Чем закончилось для Грейси это путешествие на поезде? Тут я могу лишь положиться на свое воображение. Помнится, она говорила, что ее отвезли куда-то в Уэльс. Представляю себе огромное, продуваемое насквозь помещение — церковь, например, — и в центре сбившихся в кучку детей, уставших после поездки и теперь уже испуганных; утреннее предвкушение приключения давно растаяло без следа. Наверное, им велели построиться в ряд, а потом к ним начали подходить взрослые. Чужие, суровые на вид женщины заглядывали им в лица, придирчиво осматривали их одежду, прежде чем выбрать кого-нибудь из них, — будто приценивались к рабам на древнеримском рынке. Все происходило молча. Постепенно толпа детей редела, и Грейси заметила, что все ее друзья исчезли, их увели в неведомый темный мир, видневшийся в дверном проеме. Мальчика, к которому я так ревновала и чьего имени не помню, тоже увели, и тут настал черед Грейси: угрюмая строгая физиономия склонилась над ней, от неумелой попытки улыбнуться физиономия сделалась только еще строже, и Грейси ощутила, как ее схватили за запястье и поволокли во тьму, в неизвестность.
Дальше моего воображения хватает лишь на то, чтобы увидеть Грейси стоящей в незнакомой прихожей. Там темно, свой чемоданчик девочка опустила на пол. Строгая женщина поднялась наверх по какой-то таинственной надобности, и Грейси осталась одна. Она вспоминает прошедшее утро, вспоминает уже смутно, урывками, — как махала мне, а я не помахала ей в ответ. А еще раньше она прощалась с родителями, и мама в последний раз судорожно обняла ее, чуть не задушив. И тут Грейси осознает с кошмарной четкостью, что сегодня вечером ей не увидеть мамы.
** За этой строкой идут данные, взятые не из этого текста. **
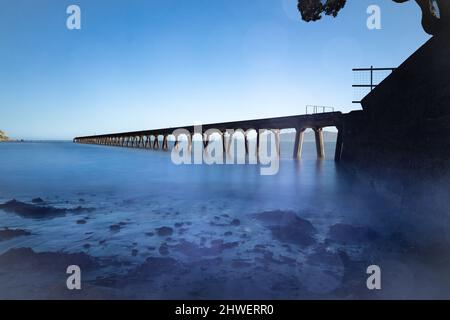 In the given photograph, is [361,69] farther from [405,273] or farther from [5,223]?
[5,223]

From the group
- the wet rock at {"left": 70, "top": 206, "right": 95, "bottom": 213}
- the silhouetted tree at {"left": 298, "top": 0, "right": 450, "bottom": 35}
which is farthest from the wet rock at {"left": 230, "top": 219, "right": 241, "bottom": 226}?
the silhouetted tree at {"left": 298, "top": 0, "right": 450, "bottom": 35}

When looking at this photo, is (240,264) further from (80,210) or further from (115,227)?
(80,210)

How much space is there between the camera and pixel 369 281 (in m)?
3.66

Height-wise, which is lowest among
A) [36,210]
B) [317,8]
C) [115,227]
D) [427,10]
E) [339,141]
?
[115,227]

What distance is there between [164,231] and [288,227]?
268 centimetres

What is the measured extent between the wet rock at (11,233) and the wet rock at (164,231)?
263cm

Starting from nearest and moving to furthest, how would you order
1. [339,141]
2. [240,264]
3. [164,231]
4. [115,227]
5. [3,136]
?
[240,264]
[164,231]
[115,227]
[339,141]
[3,136]

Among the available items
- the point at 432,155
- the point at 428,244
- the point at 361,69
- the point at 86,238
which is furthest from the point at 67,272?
the point at 361,69

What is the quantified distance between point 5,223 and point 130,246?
3794 millimetres

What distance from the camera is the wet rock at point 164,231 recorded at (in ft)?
19.0

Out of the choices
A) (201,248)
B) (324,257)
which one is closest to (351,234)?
(324,257)

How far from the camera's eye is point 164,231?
5.94 metres

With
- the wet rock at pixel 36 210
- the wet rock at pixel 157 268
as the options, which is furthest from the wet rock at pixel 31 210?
the wet rock at pixel 157 268

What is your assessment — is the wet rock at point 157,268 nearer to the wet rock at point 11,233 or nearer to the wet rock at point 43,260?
the wet rock at point 43,260
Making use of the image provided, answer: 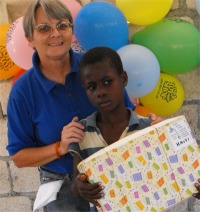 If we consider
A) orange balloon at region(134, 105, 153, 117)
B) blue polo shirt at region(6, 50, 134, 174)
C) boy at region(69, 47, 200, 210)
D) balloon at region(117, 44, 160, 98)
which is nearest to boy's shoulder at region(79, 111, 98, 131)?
boy at region(69, 47, 200, 210)

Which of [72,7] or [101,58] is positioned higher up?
[72,7]

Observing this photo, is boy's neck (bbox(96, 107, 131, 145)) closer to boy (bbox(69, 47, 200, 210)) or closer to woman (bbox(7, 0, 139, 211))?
boy (bbox(69, 47, 200, 210))

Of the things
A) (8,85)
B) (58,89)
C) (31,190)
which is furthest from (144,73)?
(31,190)

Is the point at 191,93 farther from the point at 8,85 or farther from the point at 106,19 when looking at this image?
the point at 8,85

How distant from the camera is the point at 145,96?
66.3 inches

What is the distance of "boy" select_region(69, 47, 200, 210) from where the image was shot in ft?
3.59

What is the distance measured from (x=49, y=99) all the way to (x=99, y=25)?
1.25ft

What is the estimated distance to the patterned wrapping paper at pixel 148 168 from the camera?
0.98m

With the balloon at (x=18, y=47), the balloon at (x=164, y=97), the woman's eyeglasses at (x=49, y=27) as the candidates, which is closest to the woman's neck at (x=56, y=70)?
the woman's eyeglasses at (x=49, y=27)

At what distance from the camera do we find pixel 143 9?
1.48 m

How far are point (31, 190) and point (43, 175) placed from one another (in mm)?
741

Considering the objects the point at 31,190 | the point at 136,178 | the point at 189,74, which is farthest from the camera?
the point at 31,190

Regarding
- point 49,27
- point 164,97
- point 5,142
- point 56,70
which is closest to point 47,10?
point 49,27

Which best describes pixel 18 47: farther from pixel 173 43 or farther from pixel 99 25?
pixel 173 43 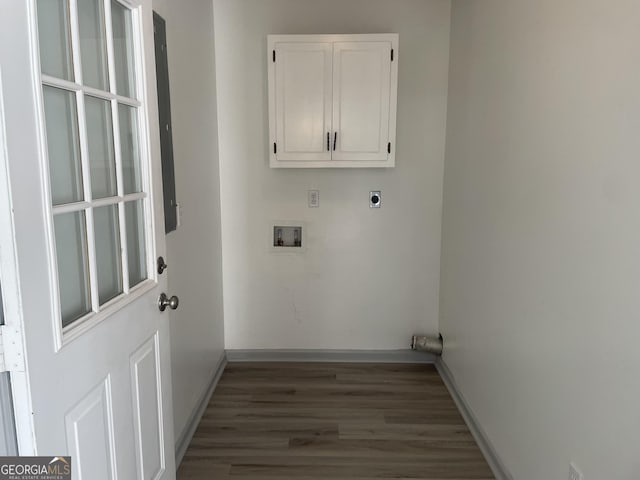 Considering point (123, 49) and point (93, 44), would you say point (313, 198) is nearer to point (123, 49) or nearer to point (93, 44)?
point (123, 49)

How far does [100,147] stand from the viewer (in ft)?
4.16

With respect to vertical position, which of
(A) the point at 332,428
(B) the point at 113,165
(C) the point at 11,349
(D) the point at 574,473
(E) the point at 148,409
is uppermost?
(B) the point at 113,165

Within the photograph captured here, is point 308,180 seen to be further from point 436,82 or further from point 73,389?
point 73,389

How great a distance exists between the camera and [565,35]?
4.99 ft

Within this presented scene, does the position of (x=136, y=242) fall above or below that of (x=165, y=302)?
above

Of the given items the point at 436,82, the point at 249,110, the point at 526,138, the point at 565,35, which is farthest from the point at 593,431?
the point at 249,110

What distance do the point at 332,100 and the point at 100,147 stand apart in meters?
1.77

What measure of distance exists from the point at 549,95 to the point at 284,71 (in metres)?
1.64

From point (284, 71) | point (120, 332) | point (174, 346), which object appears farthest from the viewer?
point (284, 71)

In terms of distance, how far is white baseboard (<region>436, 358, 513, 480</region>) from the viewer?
205cm

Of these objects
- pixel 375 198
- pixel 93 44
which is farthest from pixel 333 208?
pixel 93 44

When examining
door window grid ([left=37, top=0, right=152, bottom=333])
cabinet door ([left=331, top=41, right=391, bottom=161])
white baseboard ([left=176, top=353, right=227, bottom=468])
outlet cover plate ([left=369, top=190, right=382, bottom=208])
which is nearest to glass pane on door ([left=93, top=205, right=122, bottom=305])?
door window grid ([left=37, top=0, right=152, bottom=333])

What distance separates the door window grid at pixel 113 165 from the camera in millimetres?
1104

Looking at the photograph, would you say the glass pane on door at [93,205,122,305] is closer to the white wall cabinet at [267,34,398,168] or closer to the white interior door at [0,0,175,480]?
the white interior door at [0,0,175,480]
Конечно, она пока не понимает, что рассталась с родителями надолго, на полгода — на целую жизнь, по меркам ребенка. Ей достаточно того, что сегодня вечером с ней рядом не будет мамы, и Грейси начинает плакать. Наверху раздаются шаги, и девочка поднимает голову в надежде, что эта чужая молчаливая женщина, спускающаяся по лестнице, утешит и приласкает ее.
Разумеется, я не могу утверждать, что так оно все и было на самом деле. Знаю лишь, что Грейси переменилась. Когда мы снова встретились, уже в конце войны, она мне ничего не рассказывала о времени, проведенном вне дома. Как я уже говорила, она стала относиться ко мне иначе. Мы больше не играли вместе. И вдобавок она сильно заикалась. Удалось ли ей избавиться от заикания, мне, к сожалению, неизвестно.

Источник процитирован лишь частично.